A agricultura também permitiu o crescimento populacional de maneira acentuada, que gerou novo problema: produzir alimento para uma população maior. Mas por sua vez induziu a um novo aumento da população; que pode ser considerado causa e consequência do avanço cultural.

De acordo com a definição de cultura de Tylor, o chimpanzé é um primata que possui cultura. Para Andrew Whiten, Kathy Schick e Nichobs Tolh, os chimpanzés possuem um rico repertório de ferramentas. A técnica de produção de ferramentas, e sua forma de uso, são transmitidas de geração a geração, entre os chimpanzés. Algo semelhante ocorre com os Bonobos.

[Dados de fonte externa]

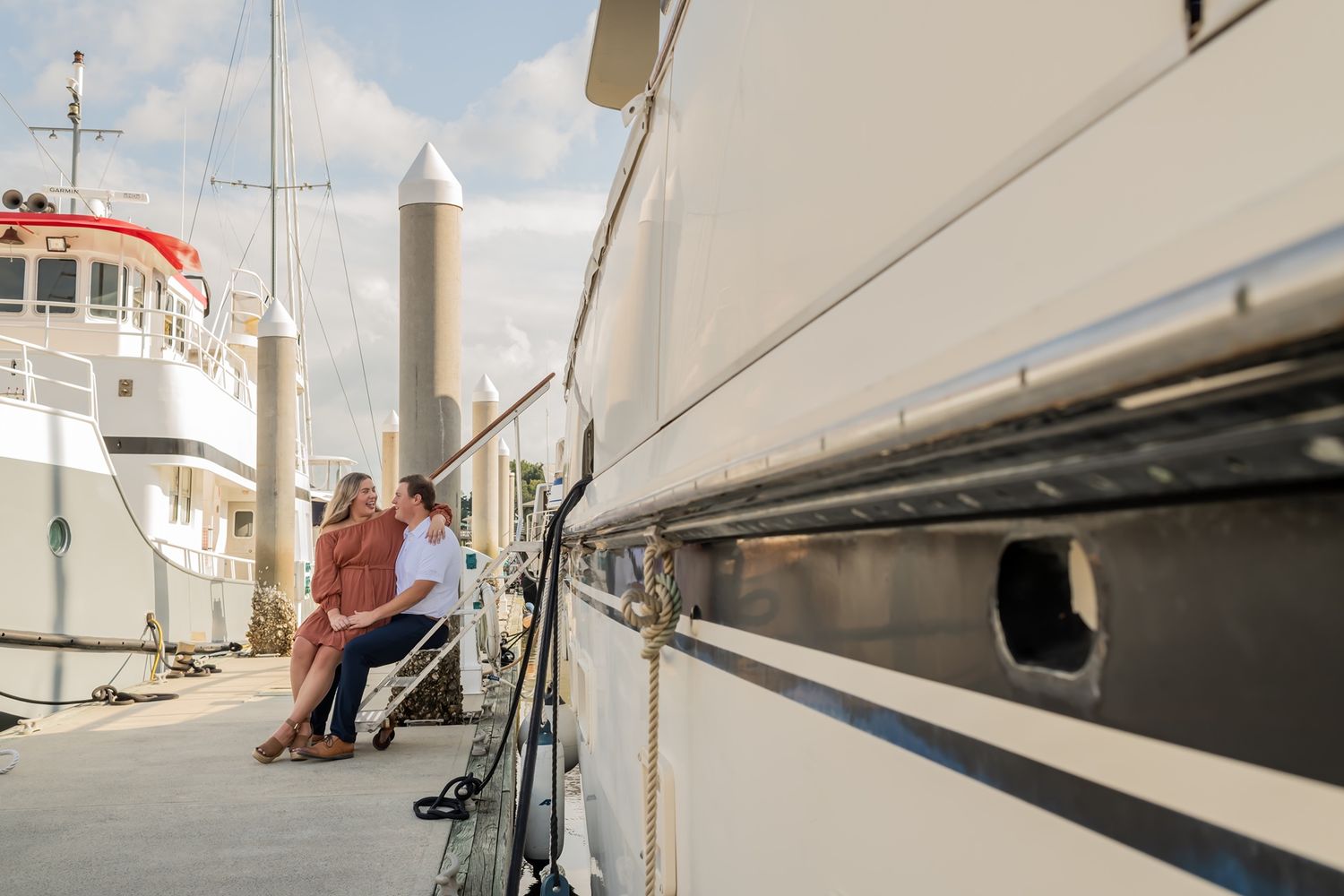 Sailboat masts line the dock at a marina with white vessels and buildings visible in the sunlight.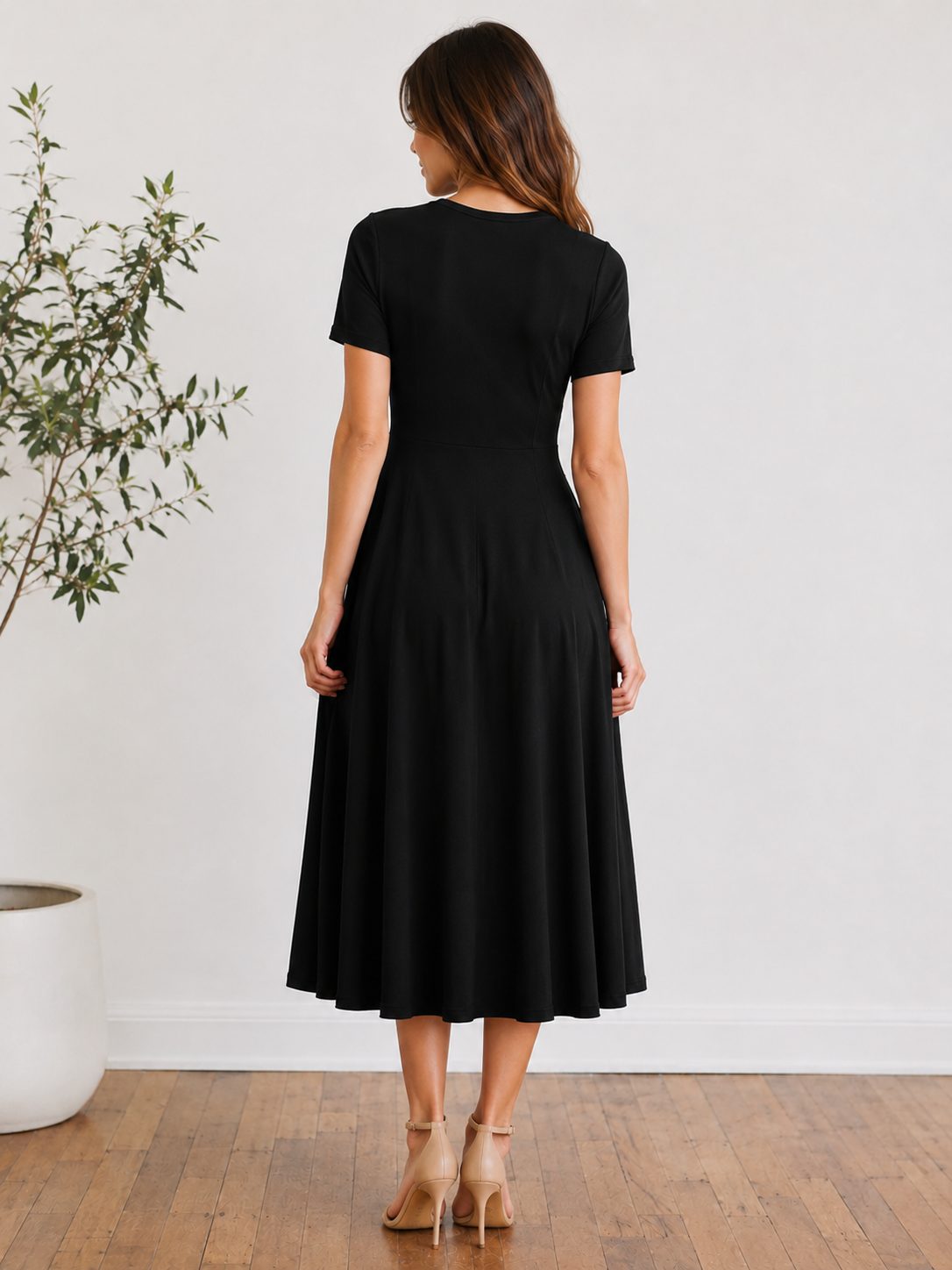 Ženska nosi elegantno midi obleko. Obleka ima ženstven kroj, ki lepo poudari silhueto,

A grande diferença, do ponto de vista antropológico, entre essas duas manifestações culturais, os primatas e o homem mais avançado em civilização, é a de que, entre os primatas não ocorre o chamado efeito cascata, isto é, eles não somam inovações para criar produtos tecnológicos de maior complexidade. Seu processo de difusão da cultura ainda está sendo estudado. É comprovado, também, que diferentes sociedades de chimpanzés apresentam formas de vocalização únicas às suas populações.

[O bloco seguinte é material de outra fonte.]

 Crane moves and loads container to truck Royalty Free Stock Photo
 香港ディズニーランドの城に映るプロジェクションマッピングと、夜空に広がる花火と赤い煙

E nós, seres humanos do século XXI, o que fazemos da nossa civilização? Particularmente, nós os brasileiros, o que fazemos dela?

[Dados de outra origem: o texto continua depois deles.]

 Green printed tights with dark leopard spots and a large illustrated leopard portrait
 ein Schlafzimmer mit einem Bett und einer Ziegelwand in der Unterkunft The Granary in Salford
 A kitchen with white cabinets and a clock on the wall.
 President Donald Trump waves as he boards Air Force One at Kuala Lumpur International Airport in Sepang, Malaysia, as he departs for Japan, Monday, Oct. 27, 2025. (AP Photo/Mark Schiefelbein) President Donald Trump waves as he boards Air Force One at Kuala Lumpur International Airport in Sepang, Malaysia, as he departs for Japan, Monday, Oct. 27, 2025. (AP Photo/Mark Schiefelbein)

Pois é, sobre isto eu falo e arranjo inimigos ferrenhos. O brasileiro, individualmente, pode ser civilizado, em maior ou menor grau. Porém, quando agrupado, forma uma consciência grupal estúpida e grosseira, que a tudo achincalha. Esta faceta o Facebook mostrou-me. A Rede Social revelou a ignorância do brasileiro. E lá todos se expõe e vão desnudando-se aos poucos, sendo possível identificar idênticas ideologias absurdas. E lá os mesmos, despersonalizados, copiam e colam sandices de toda ordem e não admitem contestação, chegando a formar quadrilhas para combater-me por tentar argumentar quanto aos erros de julgamento que apresentam. As chamadas fotos com dizeres absurdos, tendenciosos, a serviço de esquemas destrutivos, pululam na Internet. A contracultura adentra a mente de uma nação despreparada, que não tem condições de debater no campo das ideias e apoia as causas mais esdrúxulas possíveis, em nome de um direito de manifestação assegurado pela democracia. A desordem, por sua vez, toma conta das ruas e já governa o país. Infelizmente, nosso povo não está preparado para aproveitar esta democracia e a coloca em perigo, por atitudes impróprias. As ideologias políticas acusam-se mutuamente, num suposto maniqueísmo entre o bem e o mal, confundindo a população com mentiras, umas sobre as outras.

Estamos num ano de eleição. Atingimos um patamar de civilização invejável, mas parece que a massa não sabe aproveitar. Queriam liberdade mas agora não sabem o que fazer dela. Têm memória curta e muitos plantam a ideia de um regime totalitário. Grande parte deixa-se levar pelo falso moralismo do fundamentalismo e pede grilhões no lugar de liberdade.

O que fizemos com a nossa civilização? Isto tudo e muito mais para destruir. E o que fazemos para construir? Pensam que copiar e colar asneiras no Facebook vai salvar o país.

Apesar da civilização estar aí, escancarada, o povo brasileiro quer voltar às cruzadas ou à idade da pedra lascada. Porque somos um povo incivilizado.